[WHAT YOU HAVE TO DO] Write out the listing verbatim. No pictures belong in it.

[DATA SHOWN]
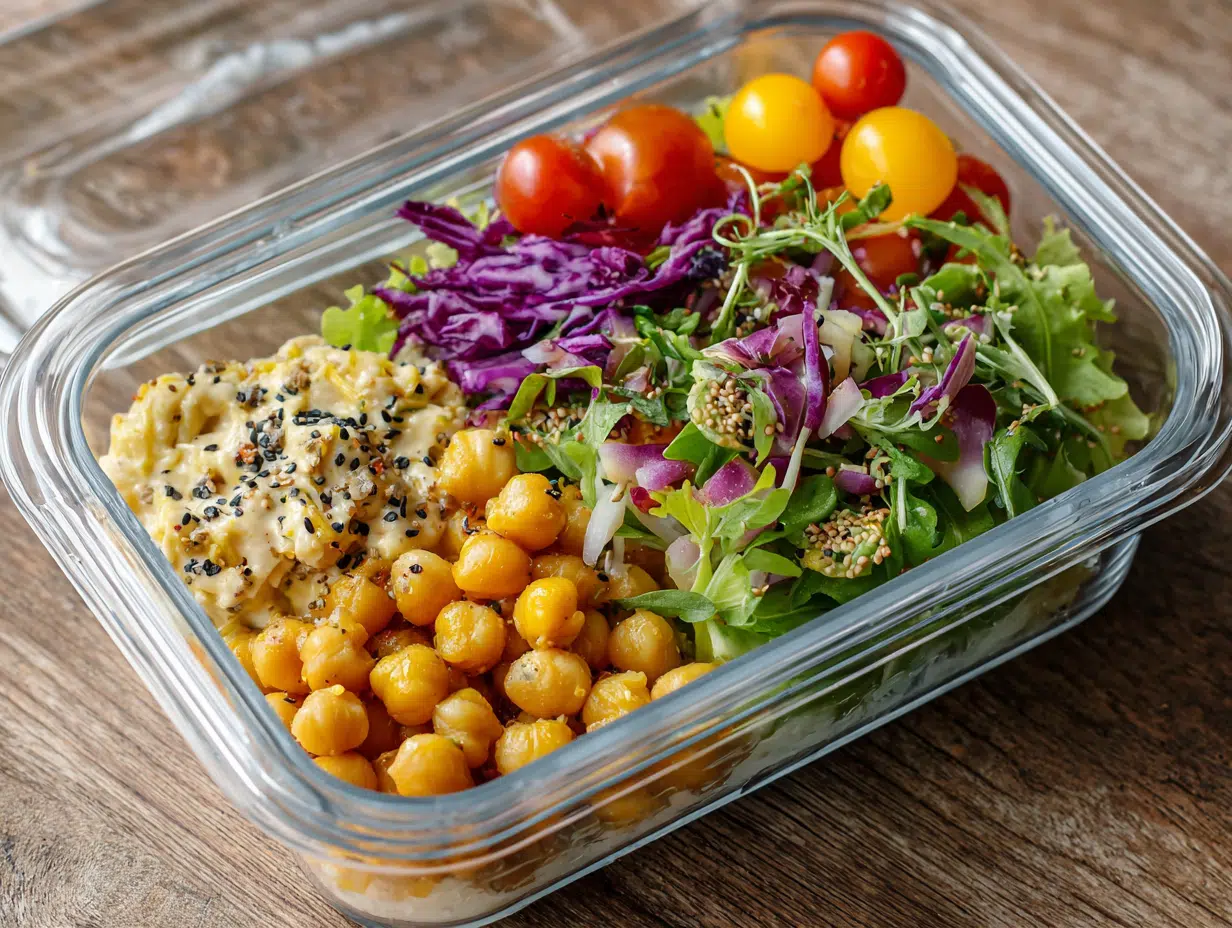 Easy Chickpea Salad Lunch Box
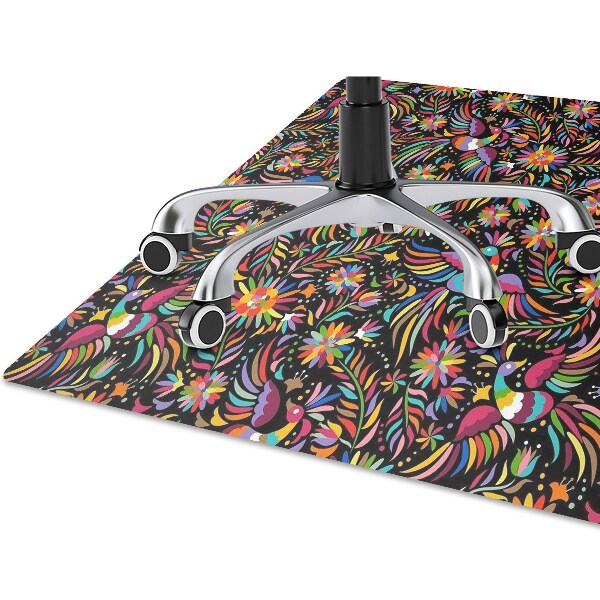 Office chair mat Mexican style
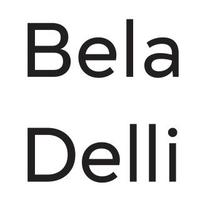 Frase de parede Bela Delli - Mdf 3mm Preto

[ANSWER TO THIS EXERCISE]
 Easy Chickpea Salad Lunch Box
 Office chair mat Mexican style
 Frase de parede Bela Delli - Mdf 3mm Preto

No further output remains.